--- Provided data ---

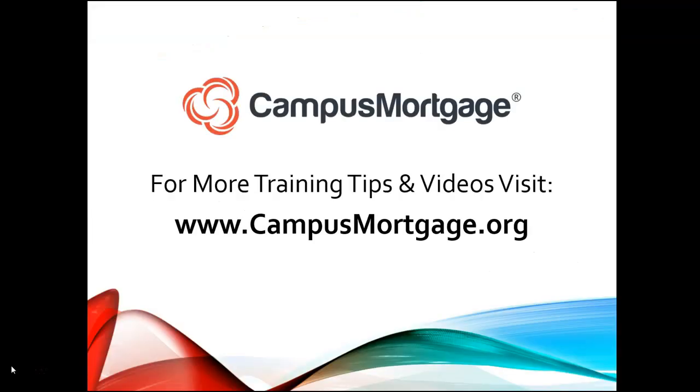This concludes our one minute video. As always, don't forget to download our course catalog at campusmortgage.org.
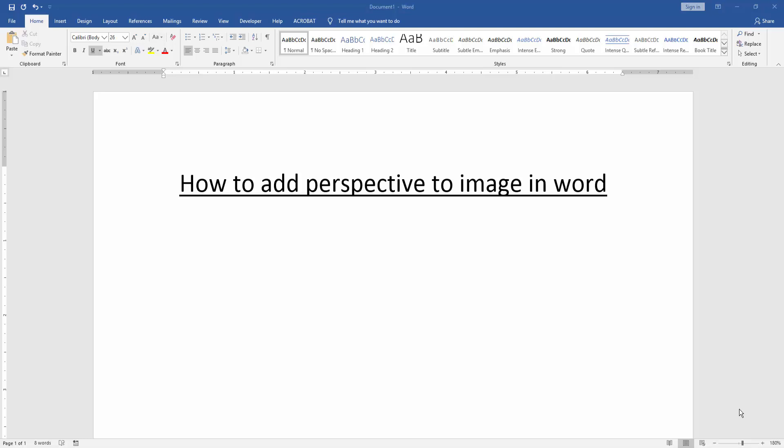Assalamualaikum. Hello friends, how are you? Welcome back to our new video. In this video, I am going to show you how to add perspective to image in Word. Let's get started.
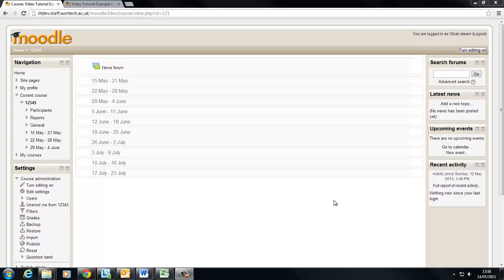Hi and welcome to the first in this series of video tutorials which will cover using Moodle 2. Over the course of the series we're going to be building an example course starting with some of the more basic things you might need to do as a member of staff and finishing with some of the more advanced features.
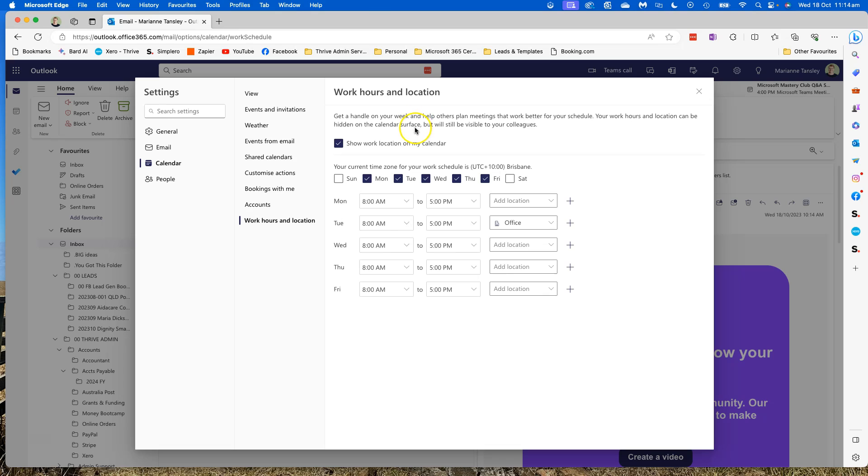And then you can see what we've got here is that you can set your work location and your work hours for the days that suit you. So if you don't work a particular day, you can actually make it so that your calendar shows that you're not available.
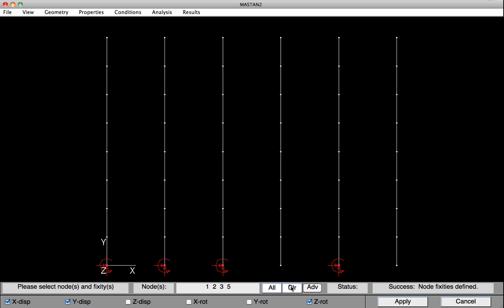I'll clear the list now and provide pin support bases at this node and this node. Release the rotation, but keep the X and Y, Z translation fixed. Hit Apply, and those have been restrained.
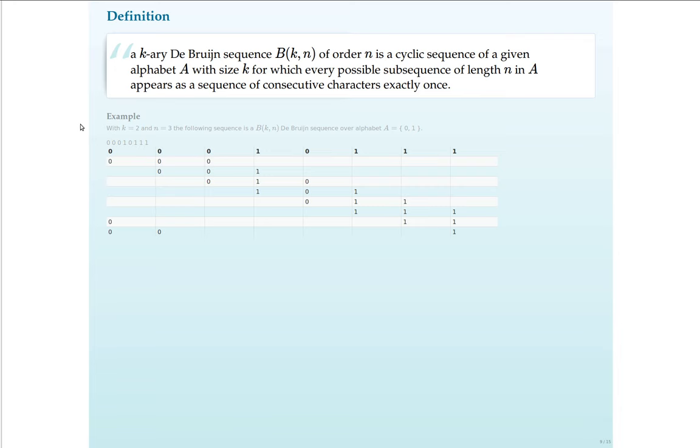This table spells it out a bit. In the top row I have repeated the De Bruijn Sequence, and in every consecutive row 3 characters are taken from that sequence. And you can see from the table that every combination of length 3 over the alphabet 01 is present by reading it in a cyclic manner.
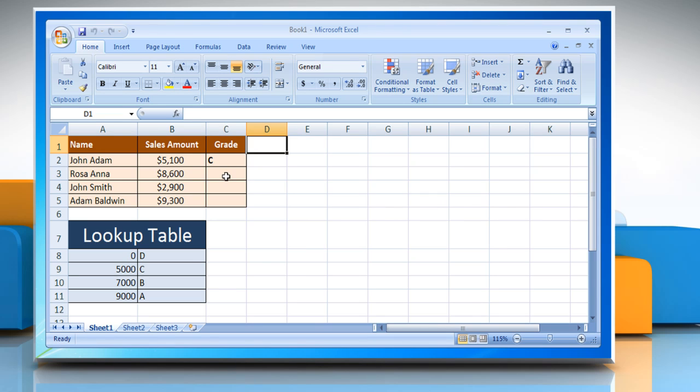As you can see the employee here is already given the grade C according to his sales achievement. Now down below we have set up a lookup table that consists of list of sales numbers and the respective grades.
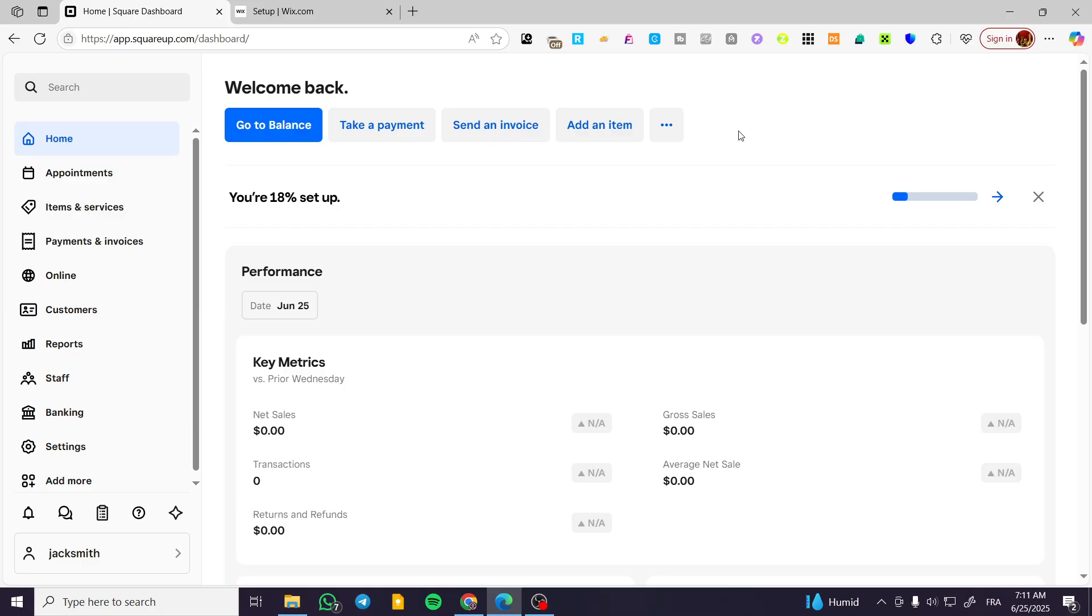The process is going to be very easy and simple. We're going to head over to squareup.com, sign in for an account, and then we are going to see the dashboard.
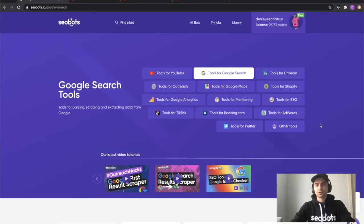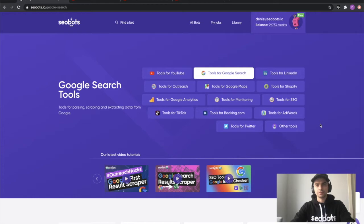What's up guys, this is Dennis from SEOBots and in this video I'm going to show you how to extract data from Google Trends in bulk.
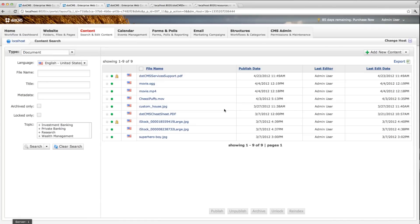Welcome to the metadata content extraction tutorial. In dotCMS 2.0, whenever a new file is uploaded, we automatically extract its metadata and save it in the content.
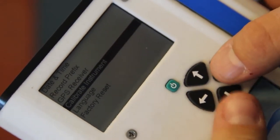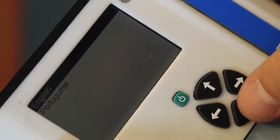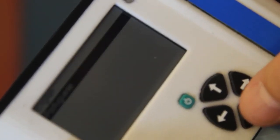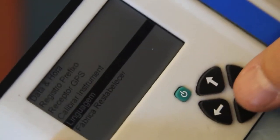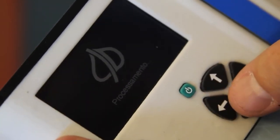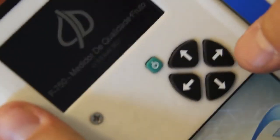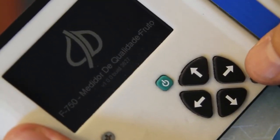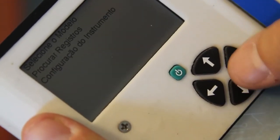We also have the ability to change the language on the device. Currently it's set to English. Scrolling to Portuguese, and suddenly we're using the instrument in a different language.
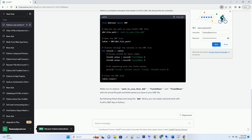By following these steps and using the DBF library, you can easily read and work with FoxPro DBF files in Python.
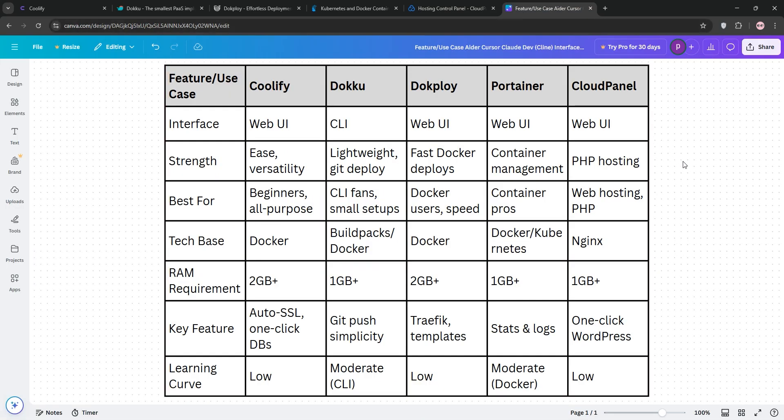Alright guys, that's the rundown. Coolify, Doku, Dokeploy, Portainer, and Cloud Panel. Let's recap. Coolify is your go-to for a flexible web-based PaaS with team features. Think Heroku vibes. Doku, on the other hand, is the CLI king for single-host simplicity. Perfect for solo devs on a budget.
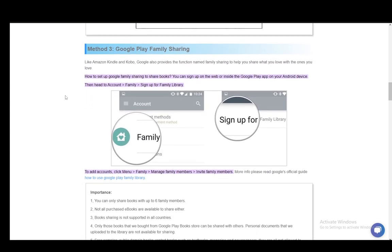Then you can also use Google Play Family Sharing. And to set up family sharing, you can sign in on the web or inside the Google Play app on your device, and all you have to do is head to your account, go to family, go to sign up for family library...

---
--- Provided data ---

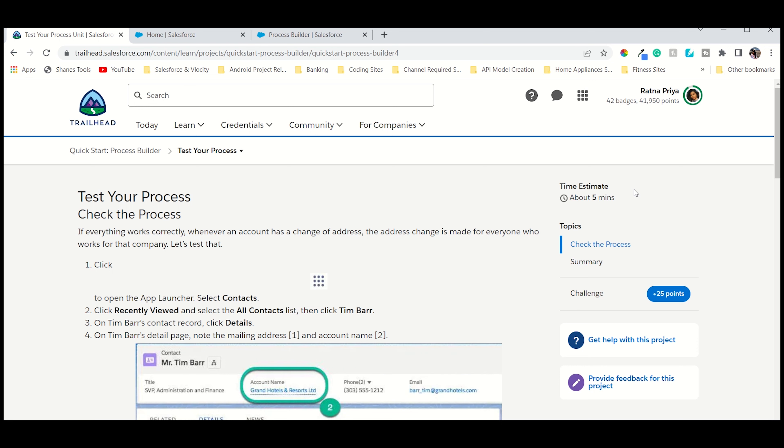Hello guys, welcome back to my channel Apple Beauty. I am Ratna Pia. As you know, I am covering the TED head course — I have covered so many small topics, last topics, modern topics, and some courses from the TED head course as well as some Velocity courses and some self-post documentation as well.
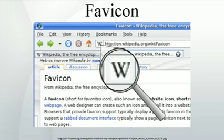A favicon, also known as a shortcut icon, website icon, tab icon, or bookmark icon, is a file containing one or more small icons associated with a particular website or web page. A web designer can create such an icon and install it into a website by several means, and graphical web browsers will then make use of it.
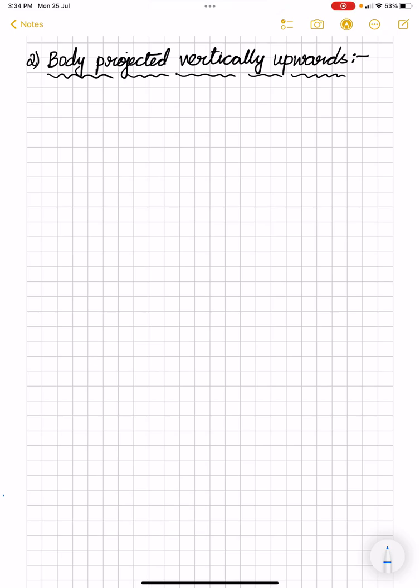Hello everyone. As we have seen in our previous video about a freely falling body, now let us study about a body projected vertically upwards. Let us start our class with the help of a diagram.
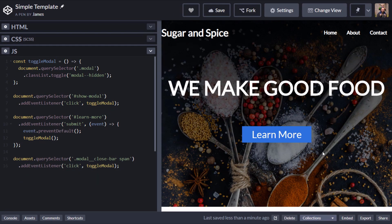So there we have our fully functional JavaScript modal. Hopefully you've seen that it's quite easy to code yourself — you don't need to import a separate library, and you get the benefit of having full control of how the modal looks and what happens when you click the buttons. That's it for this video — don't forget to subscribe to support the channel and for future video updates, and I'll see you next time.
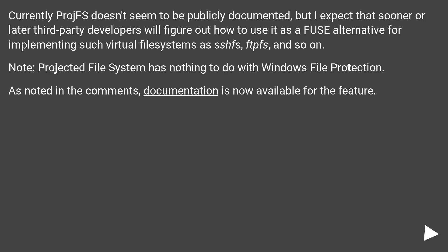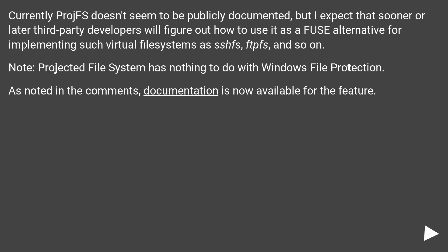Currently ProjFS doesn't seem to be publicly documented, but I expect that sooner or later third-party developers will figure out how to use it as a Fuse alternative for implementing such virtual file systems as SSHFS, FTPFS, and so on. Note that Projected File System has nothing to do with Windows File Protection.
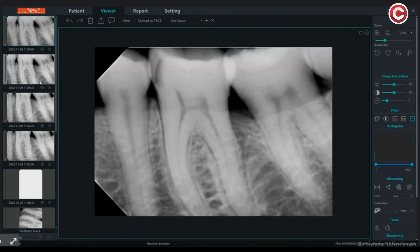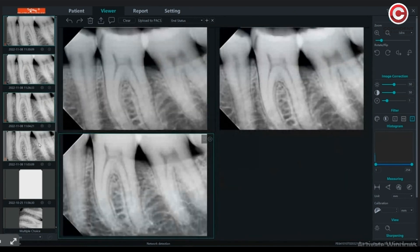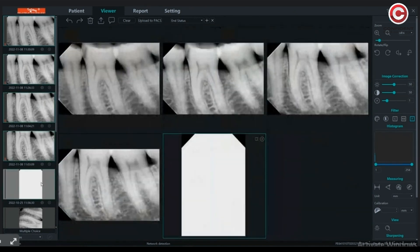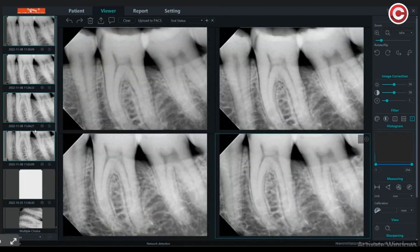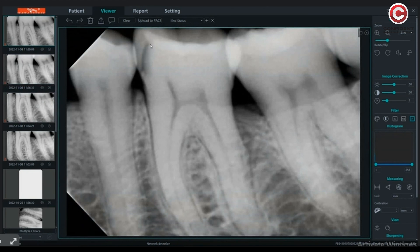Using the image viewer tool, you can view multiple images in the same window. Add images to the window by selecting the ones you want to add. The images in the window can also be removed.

---
--- Provided data ---

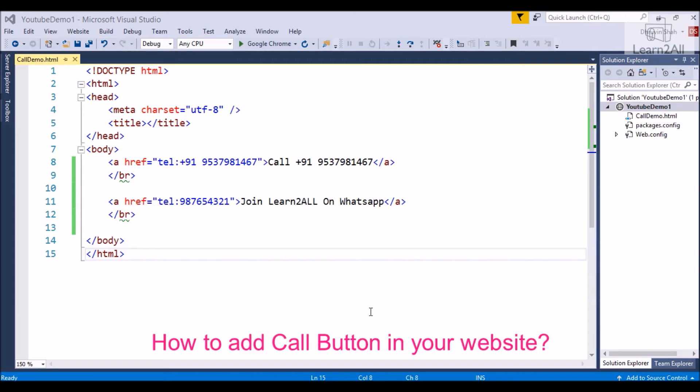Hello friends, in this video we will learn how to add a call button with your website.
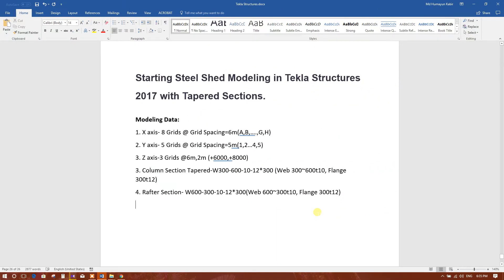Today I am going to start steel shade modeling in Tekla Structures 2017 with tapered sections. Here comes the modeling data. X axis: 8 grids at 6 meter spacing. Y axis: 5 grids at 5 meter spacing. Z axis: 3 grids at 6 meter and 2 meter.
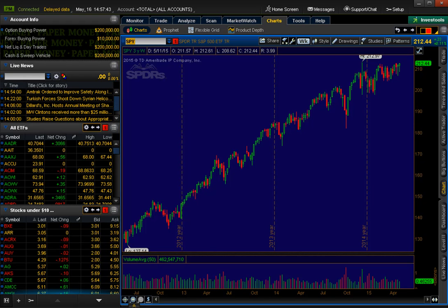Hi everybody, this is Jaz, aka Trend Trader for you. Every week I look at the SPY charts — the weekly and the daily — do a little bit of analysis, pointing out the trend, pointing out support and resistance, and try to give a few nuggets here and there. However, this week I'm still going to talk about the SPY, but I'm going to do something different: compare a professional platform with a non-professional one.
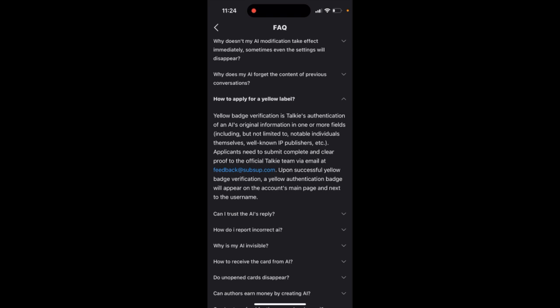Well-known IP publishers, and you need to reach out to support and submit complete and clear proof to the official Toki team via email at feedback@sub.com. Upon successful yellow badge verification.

---

→ **Task instructions**
Everything above from the line containing "This concludes our" through the line containing "Hi and welcome" must be repeated exactly, and the pictures must be left out.

→ **Task answer**
This concludes our one minute video. As always, don't forget to download our course catalog at campusmortgage.org.
Assalamualaikum. Hello friends, how are you? Welcome back to our new video. In this video, I am going to show you how to add perspective to image in Word. Let's get started.
Hi and welcome to the first in this series of video tutorials which will cover using Moodle 2. Over the course of the series we're going to be building an example course starting with some of the more basic things you might need to do as a member of staff and finishing with some of the more advanced features.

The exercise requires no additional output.